Безвыходная антиномичность ницшевской философии и эстетики приводит его с парадоксальней последовательностью к тому выводу, что подобное утверждение возможно только на основе фальсификации мира и человека, ибо с истиной, в истине человек жить не может. Ницше, этот беззаветный борец против лживости современного декадентского искусства, сам становится таким образом глашатаем эстетики, основанной на принципиальной лжи. Он становится основателем современного антиреализма.
Те же антиномии обнаруживаются, конечно, и при определении места, занимаемого искусством в общем развитии культуры. Ницше писал в период наибольшего расцвета тех тенденций в европейской литературе, на знамени которых било написано «искусство для искусства». И нас теперь не удивит, что он был одновременно и ожесточеннейшим противником и самым крайним представителем этих тенденций, стремившихся превратить искусство в чисто формальное художественное мастерство. Формалистические тенденции Ницше должны быть ясны для читателя уже из всего вышеизложенного.

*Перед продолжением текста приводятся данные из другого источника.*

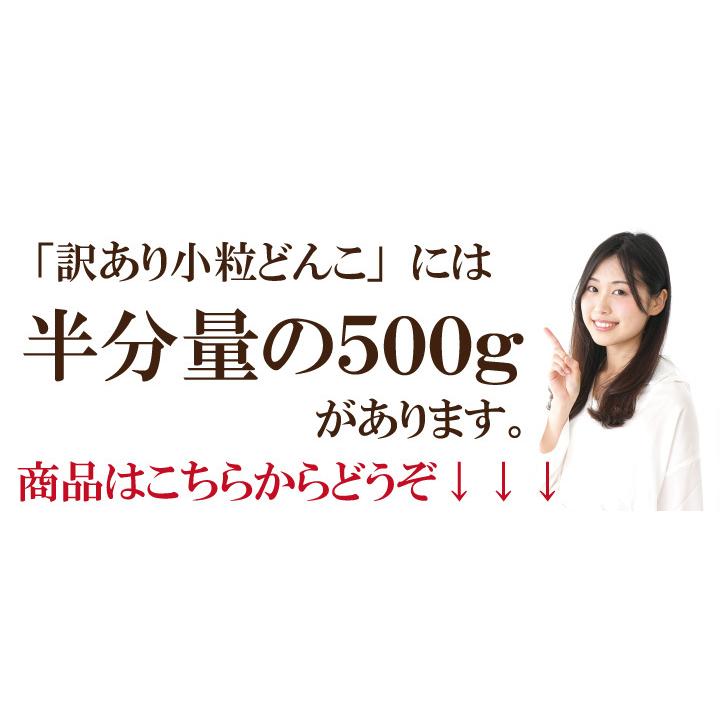 国内産訳あり小粒椎茸500ｇ×2　干し椎茸 国産 訳あり どんこ ワレ・カケあり 送料無料 最安値挑戦中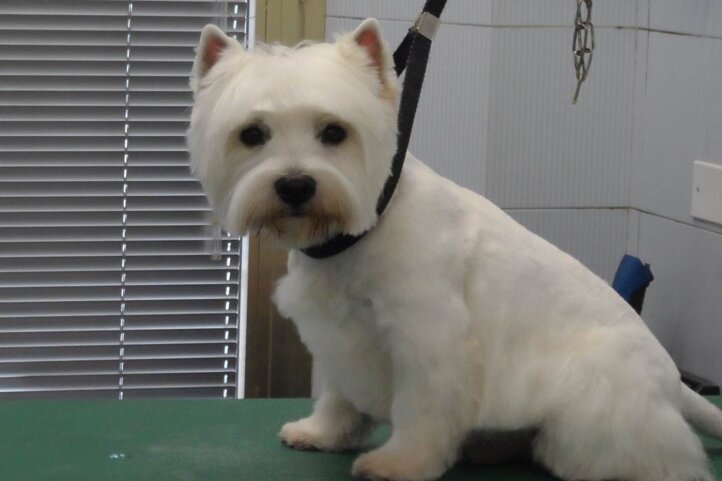 Descrizione immagine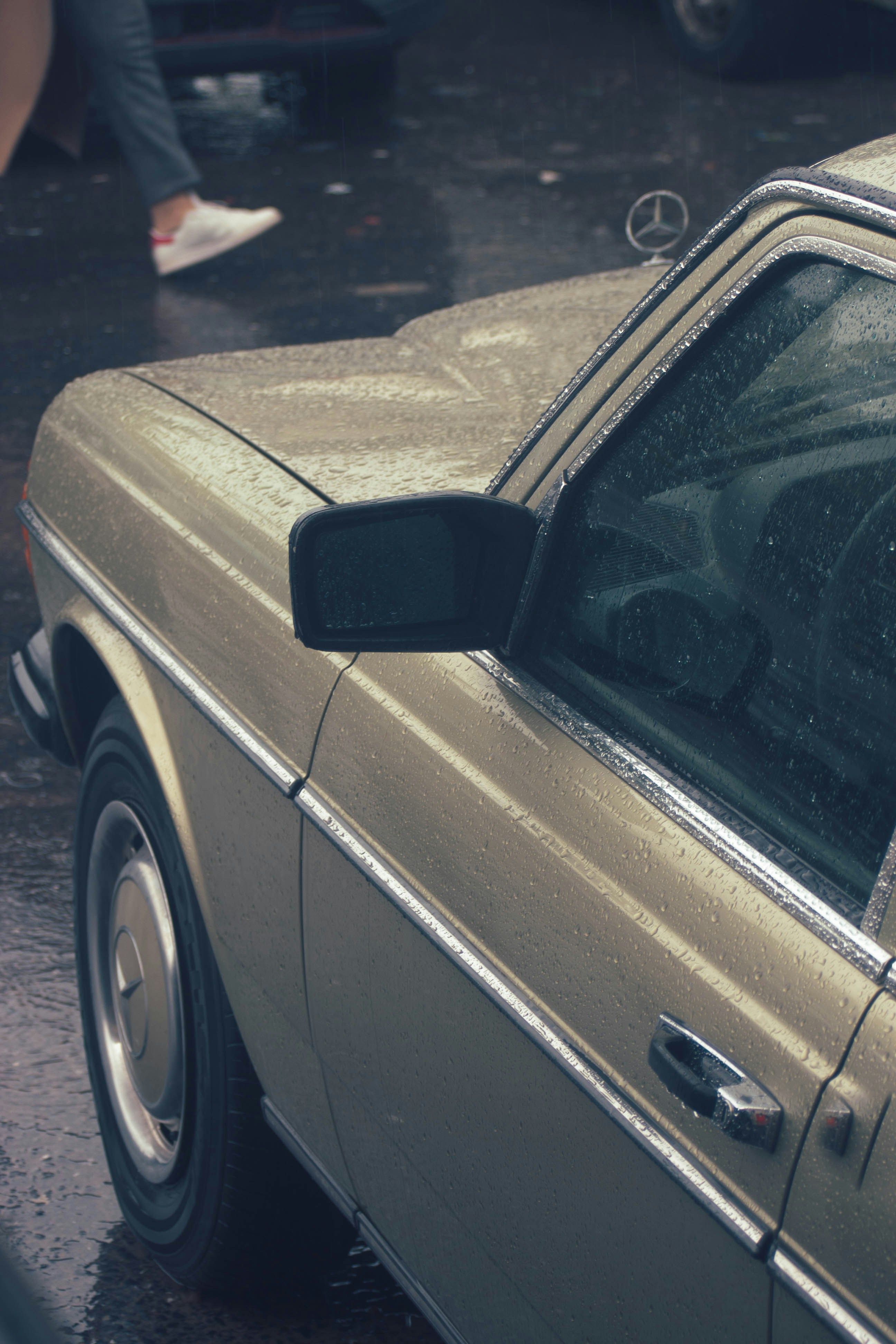 Photo by farouk_elwareth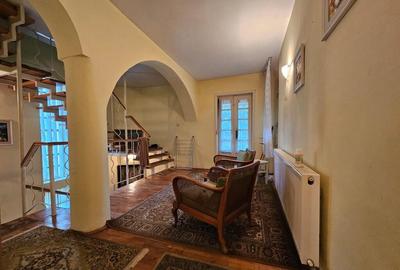 Vila in inima orasului Deva - 6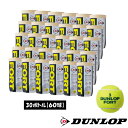 《送料無料》DUNLOP フォート2球入り（30缶/60球）ダンロップ 硬式 テニスボール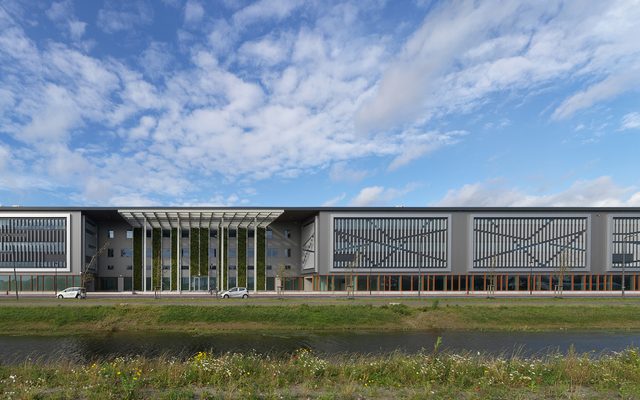 Office Building, Building, Grass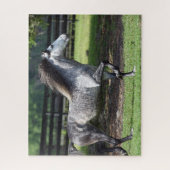 Bob Langrish | Daple Gray Lusitano Stallion Puzzle (Vertikal)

Пессимистический агностицизм Ницше заставляет его игнорировать в эстетике все вопросы содержании и делать упор исключительно на форме (как это делает всякий защитник принципа «Искусство для искусства»). И хотя симпатии Ницше к классицизму были вызваны очень далеко идущими политическими соображениями, однако критерии оценки остаются у него чисто формальными. Строгость формы, принуждение, трудность он считает теми моментами, из которых только и может возникнуть здоровое развитие искусства. «Танцевать в цепях» — таков его идеал.

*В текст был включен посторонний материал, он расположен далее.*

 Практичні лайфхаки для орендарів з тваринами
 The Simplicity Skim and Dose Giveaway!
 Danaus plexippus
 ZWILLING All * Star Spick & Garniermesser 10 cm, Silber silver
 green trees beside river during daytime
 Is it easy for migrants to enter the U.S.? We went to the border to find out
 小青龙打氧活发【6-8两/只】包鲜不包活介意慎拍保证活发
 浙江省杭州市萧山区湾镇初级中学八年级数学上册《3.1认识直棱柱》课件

«По поводу каждого греческого художника, поэта и писателя можно спросить: в чем заключается то новое принуждение, которое он налагает на себя… «Танцевать в цепях», затруднить, себе работу и потом набросать на нее иллюзию легкости — вот чем они хотят поразить нас. И он рассматривает строгую скованность в классической драме, требование единства места и времени, связанность в стихе и в строении фразы, связанность музыки контрапунктом и формой фуги, связанность греческой риторики георгиевскими фигурами и т. д., как ряд средств для достижения формального совершенства. «Так постепенно научаешься двигаться с грацией даже на узеньких мостках, перекинутых через головокружительные бездны, и приобретаешь в конце концов высшую гибкость движений». Требования «чистого искусства» едва ли могли быть формулированы более ярко даже парижскими Флоберами и Бодлерами.
Эта основная эстетическая тенденция Ницше находится однако в непримиримом противоречии с его общей философией искусства. Он энергично выступает против «искусства художественных произведений». «Искусство должно прежде всего и в первую очередь сделать прекрасной жизнь, т.-е. сделать нас самих сносными, по возможности даже приятными для других… Далее искусство должно скрыть или перетолковать все уродливое… В сравнении с этой великой, необъятно великой задачей искусства так называемое искусство в собственном смысле, искусство художественных произведений, есть только придаток». С этой общей точки зрения Ницше осуждает современное искусство, ибо поэты не являются уже больше учителями человечества.